Bug #12691
closedCSV performance problem on large files that are misformatted (unclosed quoted field)
Description
If you have a large file which has an unclosed quoted field in it, the amount of time it takes for the CSV parser to determine that error increases worse-than-exponentially. My example tests -
60k records - takes 50 seconds to determine 'unclosed quoted field'
120k records - takes 2m45s
240k records - just under 10 minutes
That was from real data that I was running against.
I've attached a simple test.rb script that shows the issue.
The filesize limits prevent me from attaching some sanitzed test files, but I can show how to generate them easily enough.
I start with a file I call "bad_start.csv" -
element_one,element_two,element_three
This,is,"a bad start
Then I can generate poorly-performing files as follows:
yes "This is a very long line that should take up a lot of space in the CSV parser and keep things really complicated to make this a better test" |head -n 65535 > 64kblah.txt
cat bad_start.csv 64kblah.txt > bad_64k_blah.txt
And that would be a 64k 'bad' file, which I can then test/time as follows:
time ./test.rb bad_64k_blah.txt 
"Working with file: bad_64k_blah.txt"
"A row is: [\"element_one\", \"element_two\", \"element_three\"]"
/Users/brady/.rbenv/versions/2.3.1/lib/ruby/2.3.0/CSV.rb:1898:in `block in shift': Unclosed quoted field on line 2. (CSV::MalformedCSVError)

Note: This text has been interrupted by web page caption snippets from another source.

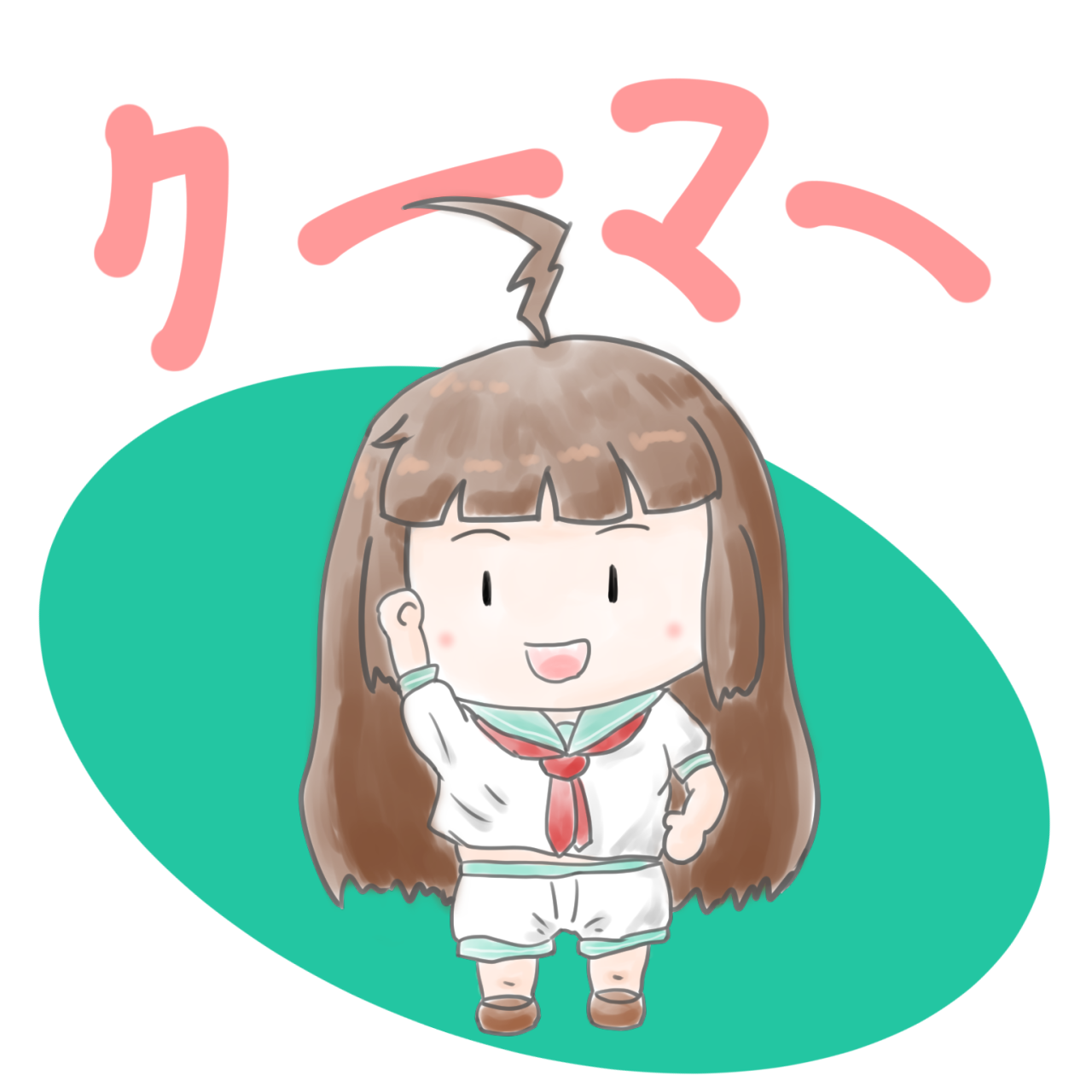 舰队Collection舰娘球磨头像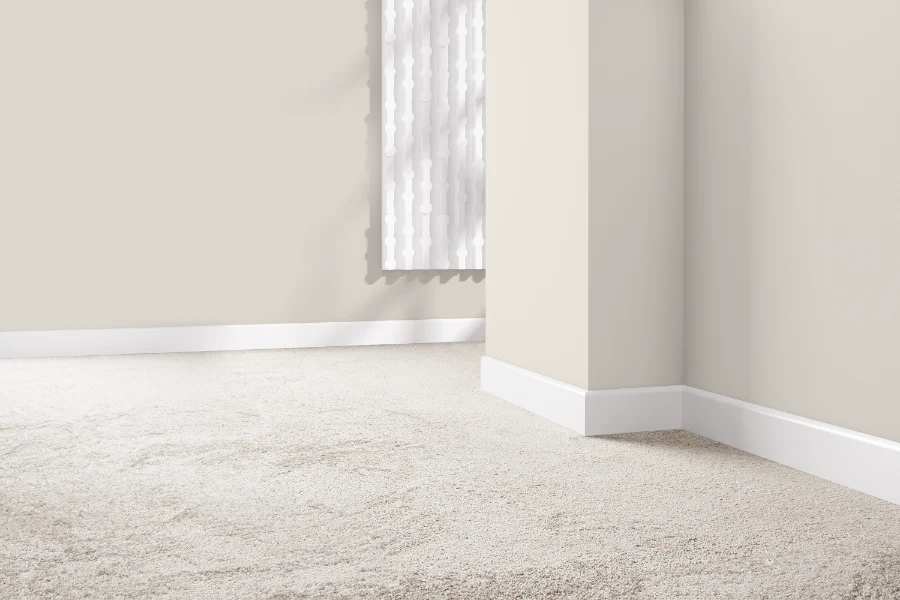 Listwa przypodłogowa MDF zacinana 80x14,5mm (1kpl=18szt) Cezar Czarny RAL9005 Mat 0,38m - Image 3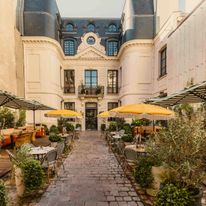Le Jardin De Verre by Locke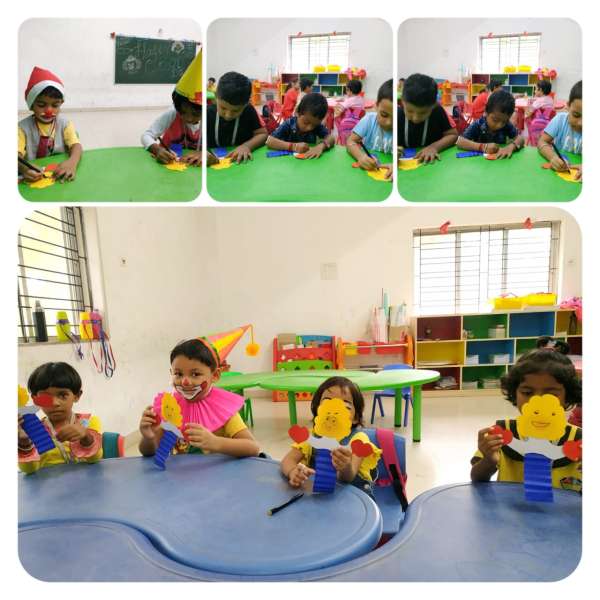 Happy Clown's Day Celebration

	from /Users/brady/.rbenv/versions/2.3.1/lib/ruby/2.3.0/CSV.rb:1805:in `loop'
	from /Users/brady/.rbenv/versions/2.3.1/lib/ruby/2.3.0/CSV.rb:1805:in `shift'
	from /Users/brady/.rbenv/versions/2.3.1/lib/ruby/2.3.0/CSV.rb:1747:in `each'
	from /Users/brady/.rbenv/versions/2.3.1/lib/ruby/2.3.0/CSV.rb:1131:in `block in foreach'
	from /Users/brady/.rbenv/versions/2.3.1/lib/ruby/2.3.0/CSV.rb:1282:in `open'
	from /Users/brady/.rbenv/versions/2.3.1/lib/ruby/2.3.0/CSV.rb:1130:in `foreach'
	from ./test.rb:7:in `<main>'
real	0m54.380s
user	0m53.303s
sys	0m0.406s
And if you generate larger and larger files, the amount of time that will elapse to determine that the CSV is invalid will increase worse than exponentially.
Another interesting note - when I just used 'yes' by itself (creating lines that just have the text "yes" in them) the problem seemed much, much smaller. So it seems to be related not to a count of lines, but a count of characters.
Files
        
           Updated by nobu (Nobuyoshi Nakada) about 9 years ago
          Updated by nobu (Nobuyoshi Nakada) about 9 years ago
          
          
        
        
      
      - Status changed from Open to Closed
Applied in changeset r55985.
csv.rb: performance with very long quoted lines
- lib/csv.rb (CSV#shift): store partial quoted strings in an array
 and join at last, to improve performance with very long quoted
 lines. [ruby-core:76987] [Bug #12691]